--- Data records ---

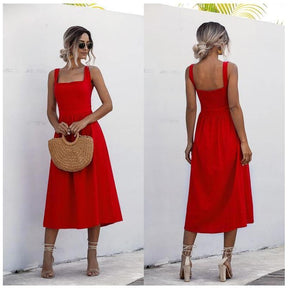 Vestido Midi Decote Reto use o cupom PRIMEIRACOMPRA e garanta 12%OFF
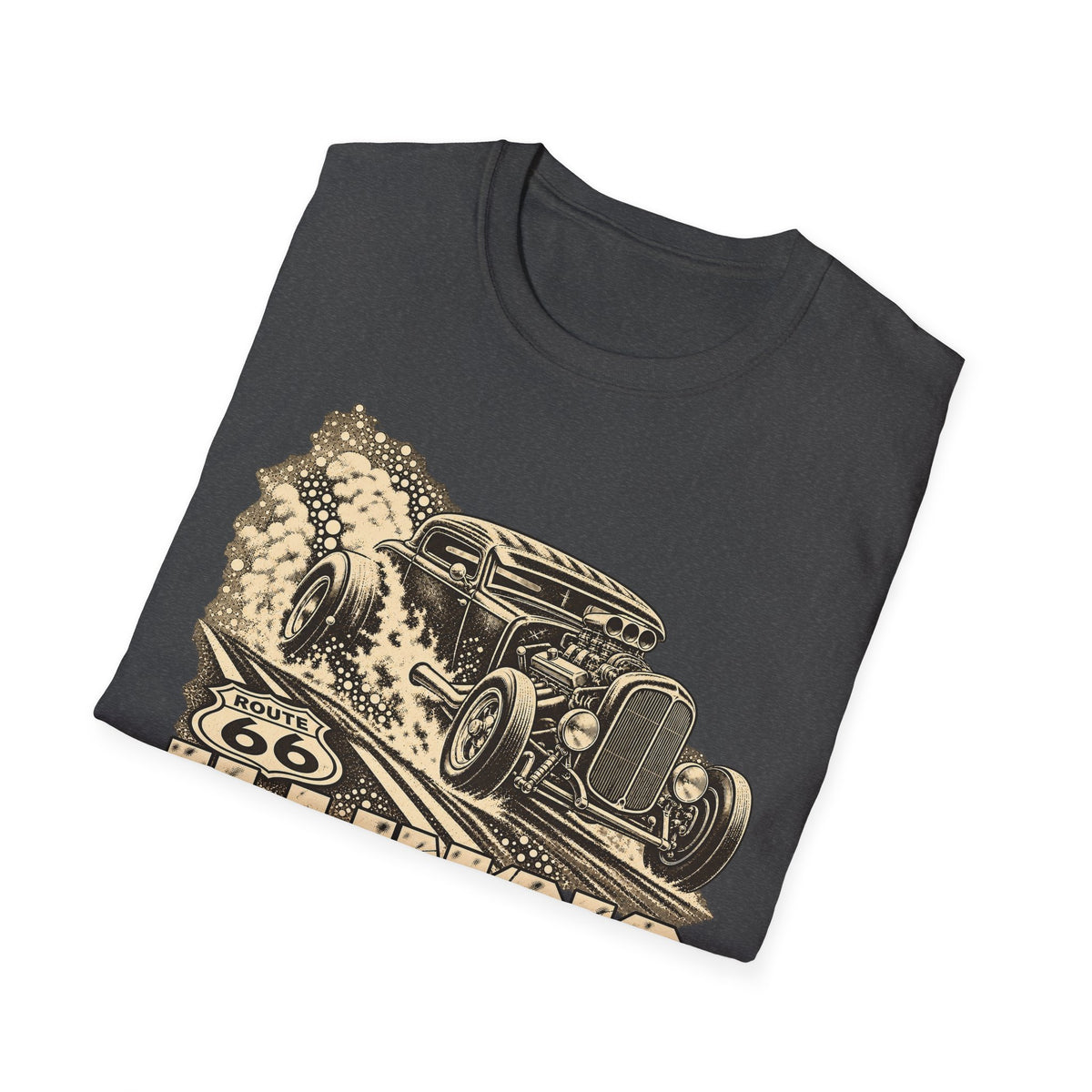 Dark gray t-shirt with vintage Route 66 car graphic on the front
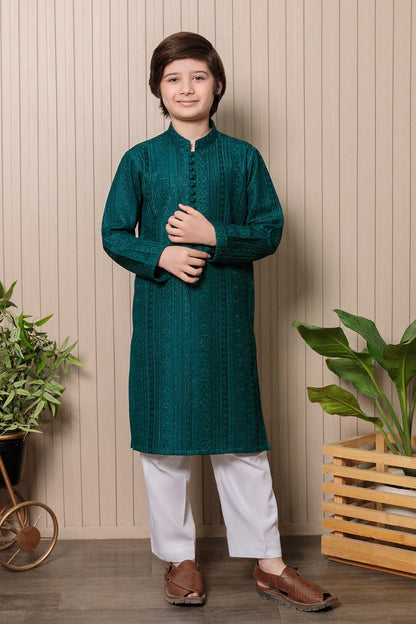 Kids Green Designer Kurta Pajama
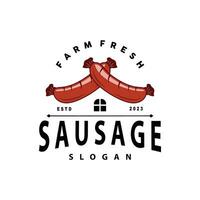 saucisse logo, saucisse nourriture gril vecteur, Facile rétro ancien conception restaurant inspiration vecteur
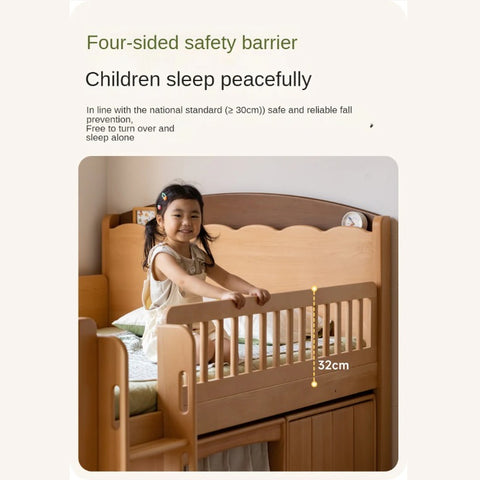 Beech Solid Wood Children's with Light Guardrail Bed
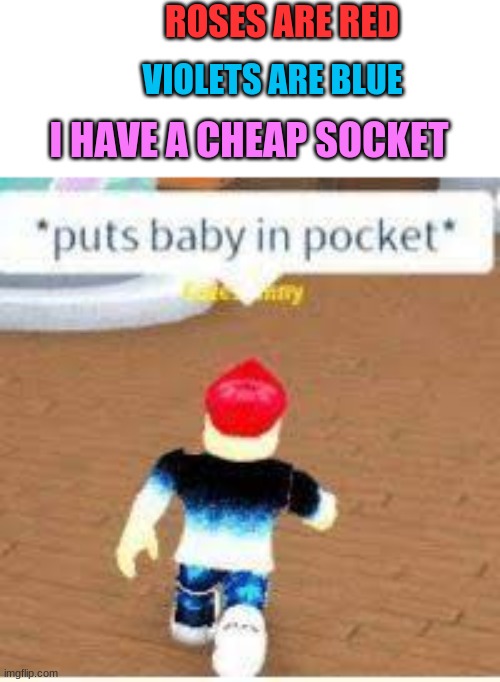 ROSES ARE RED; VIOLETS ARE BLUE; I HAVE A CHEAP SOCKET | made w/ Imgflip meme maker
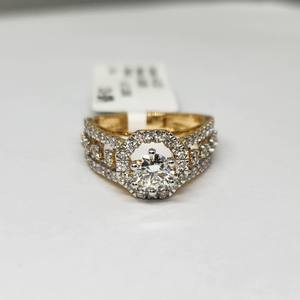 14K แหวนหมั้นโซลิแทร์สีทองเหลือง H-I เพชรธรรมชาติสำหรับงานแต่งงานครบรอบ - Product Image 1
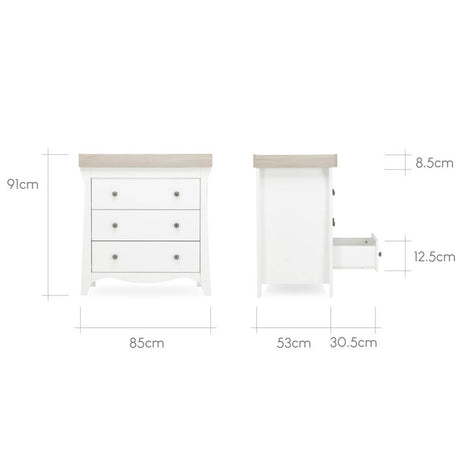 CuddleCo Clara 2 Piece Nursery Furniture Set with Cot Bed and Dresser - White & Ash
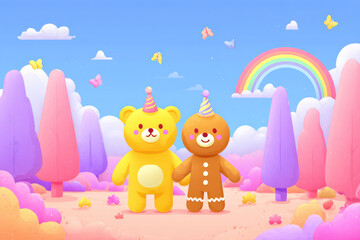 Obraz premium Yellow Bear and Gingerbread Man in Colorful Fantasy Landscape with Rainbow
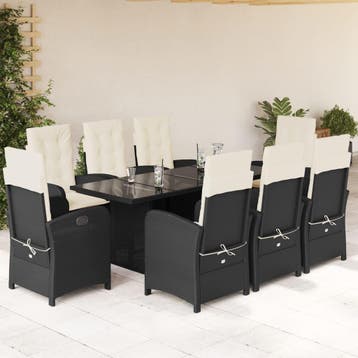 vidaXL 9-delige Tuinset poly rattan zwart, Verzenden, Nieuw, 8 zitplaatsen, Tuinset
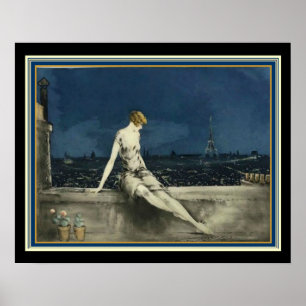 Louis Icart "balcão no impressão 16x20 de Paris"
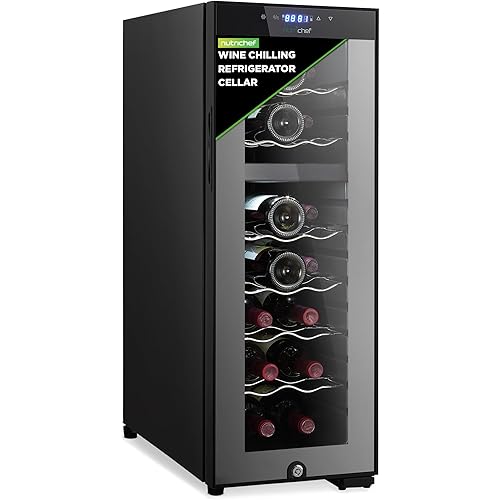 NutriChef PKCWCDS182.5 Chilling Refrigerator Cellar-Dual-Zone Wine Cooler/Chiller, Digital Touch Button Control with Air Tight Seal, Contains Placement for Standing (18 Bottle Storage Capacity), Black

---

• _Exercise goal_
Would you please print only the lines running from the one with "CuddleCo Clara 2" to the final line of the entries above, exactly as written and without pictures?

• _Solution for this problem_
 CuddleCo Clara 2 Piece Nursery Furniture Set with Cot Bed and Dresser - White & Ash
 Obraz premium Yellow Bear and Gingerbread Man in Colorful Fantasy Landscape with Rainbow
 vidaXL 9-delige Tuinset poly rattan zwart, Verzenden, Nieuw, 8 zitplaatsen, Tuinset
 Louis Icart "balcão no impressão 16x20 de Paris"
 NutriChef PKCWCDS182.5 Chilling Refrigerator Cellar-Dual-Zone Wine Cooler/Chiller, Digital Touch Button Control with Air Tight Seal, Contains Placement for Standing (18 Bottle Storage Capacity), Black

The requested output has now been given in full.